# Work task
The answer must consist solely of the lines from the opening line of the entries through the line with "Blusa Manga Longa", transcribed exactly and without any pictures.

# The data
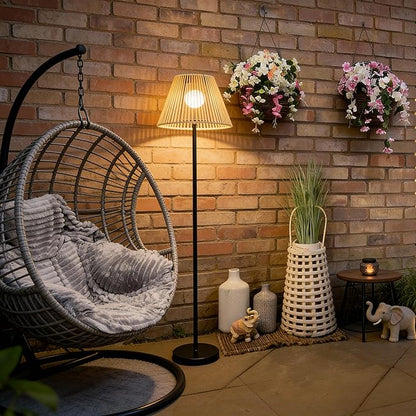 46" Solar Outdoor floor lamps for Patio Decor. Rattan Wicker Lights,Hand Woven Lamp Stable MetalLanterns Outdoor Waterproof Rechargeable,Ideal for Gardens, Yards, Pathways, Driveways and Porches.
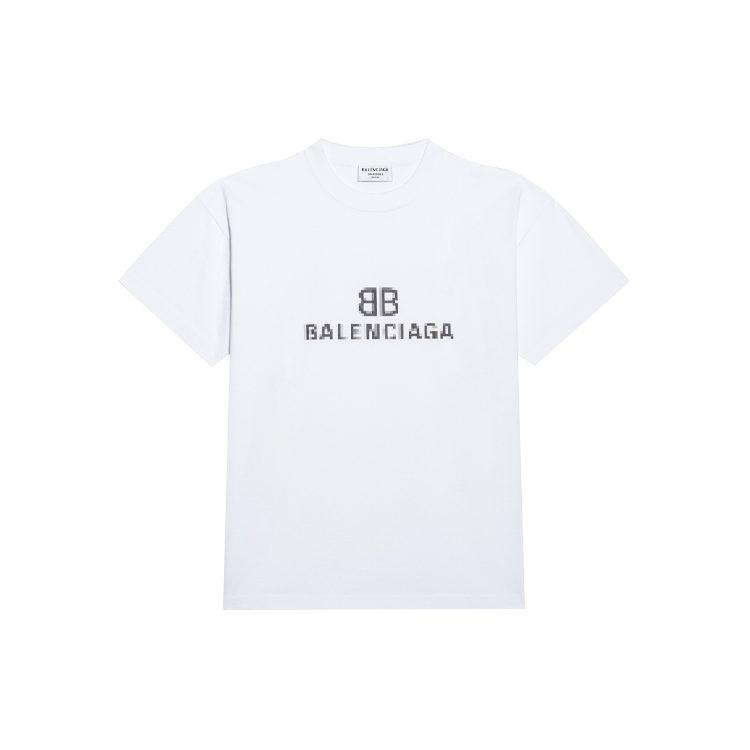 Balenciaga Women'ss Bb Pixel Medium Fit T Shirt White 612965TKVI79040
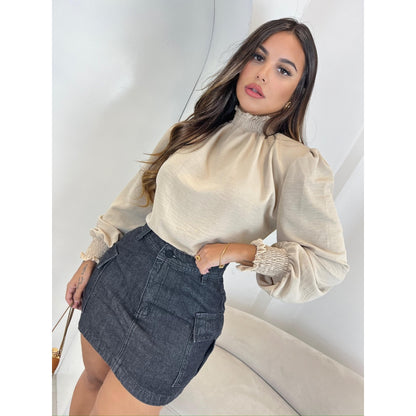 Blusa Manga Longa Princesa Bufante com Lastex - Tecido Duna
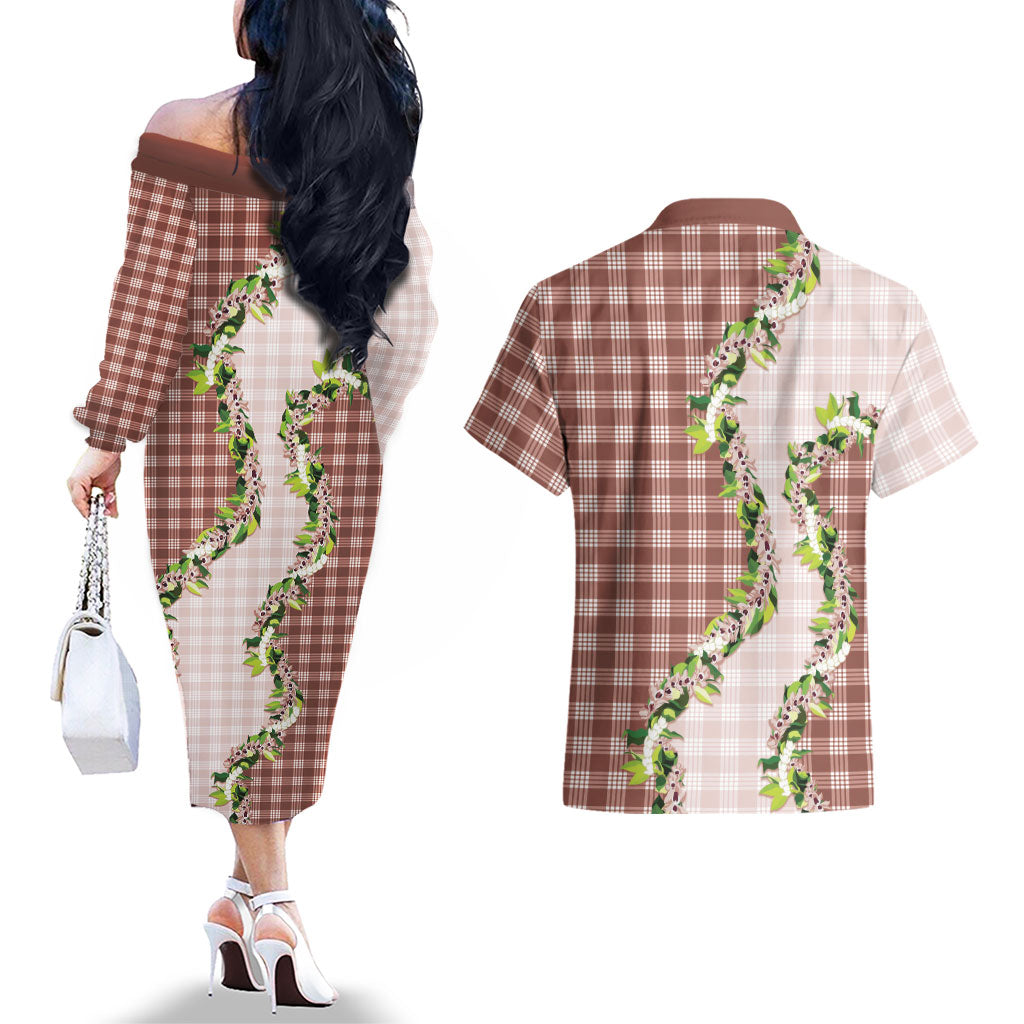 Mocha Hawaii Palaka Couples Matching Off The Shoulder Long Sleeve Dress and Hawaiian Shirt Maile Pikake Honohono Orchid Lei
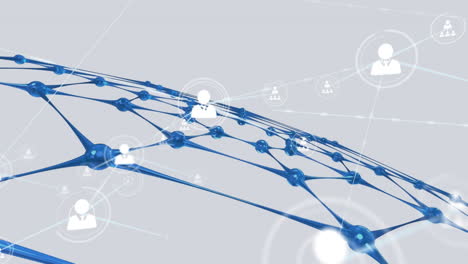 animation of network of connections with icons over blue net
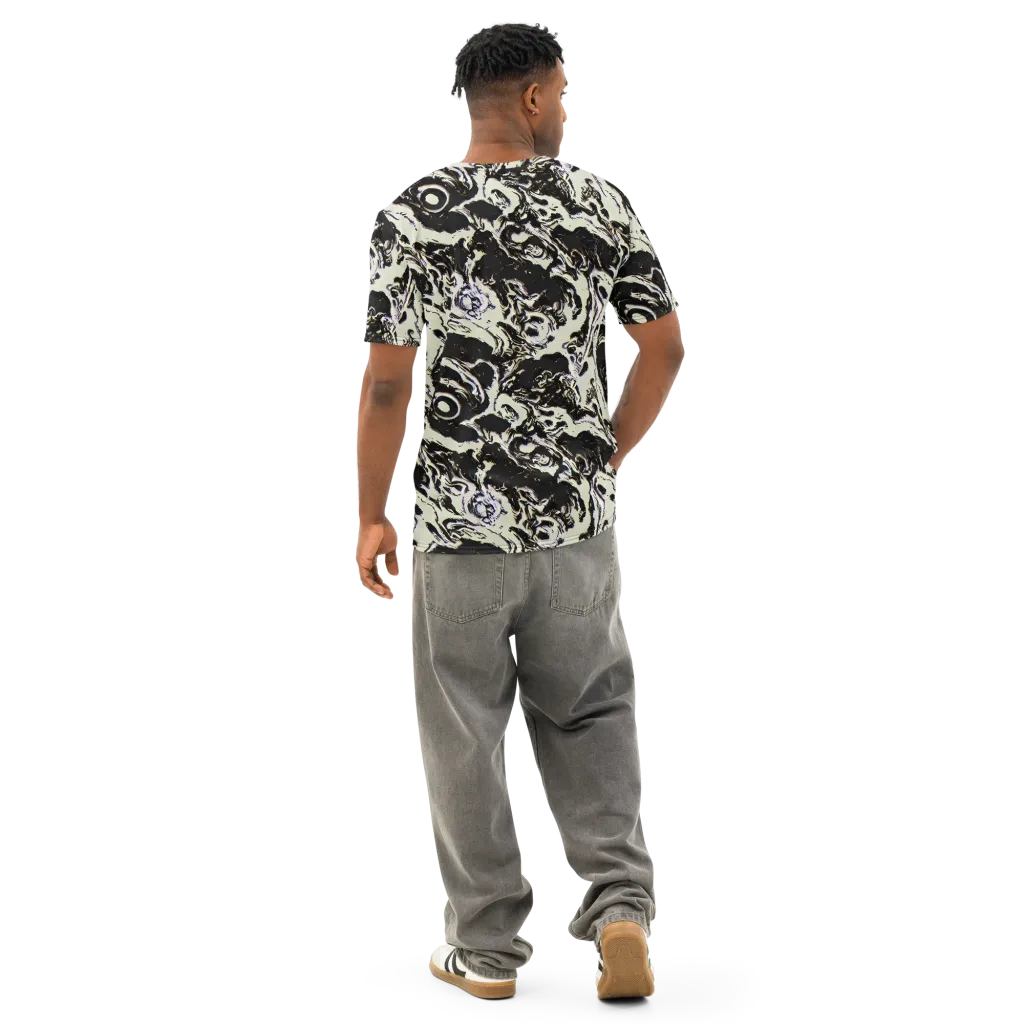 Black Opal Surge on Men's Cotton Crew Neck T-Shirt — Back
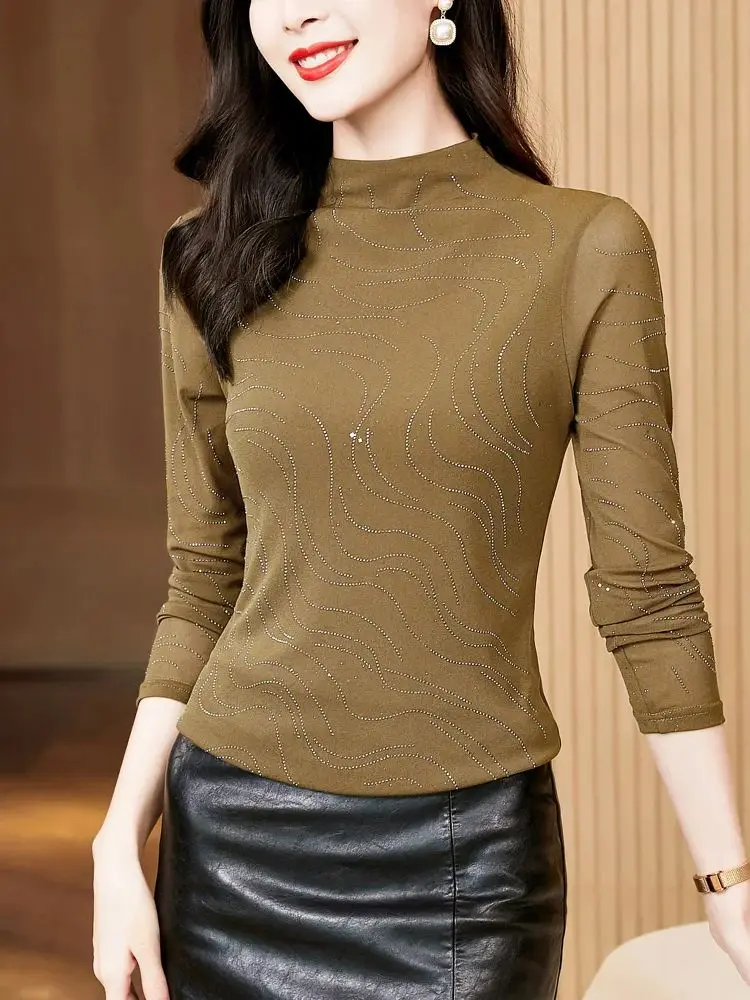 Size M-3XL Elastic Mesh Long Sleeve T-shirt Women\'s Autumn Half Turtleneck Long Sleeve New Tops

# Solution for this problem
 46" Solar Outdoor floor lamps for Patio Decor. Rattan Wicker Lights,Hand Woven Lamp Stable MetalLanterns Outdoor Waterproof Rechargeable,Ideal for Gardens, Yards, Pathways, Driveways and Porches.
 Balenciaga Women'ss Bb Pixel Medium Fit T Shirt White 612965TKVI79040
 Blusa Manga Longa Princesa Bufante com Lastex - Tecido Duna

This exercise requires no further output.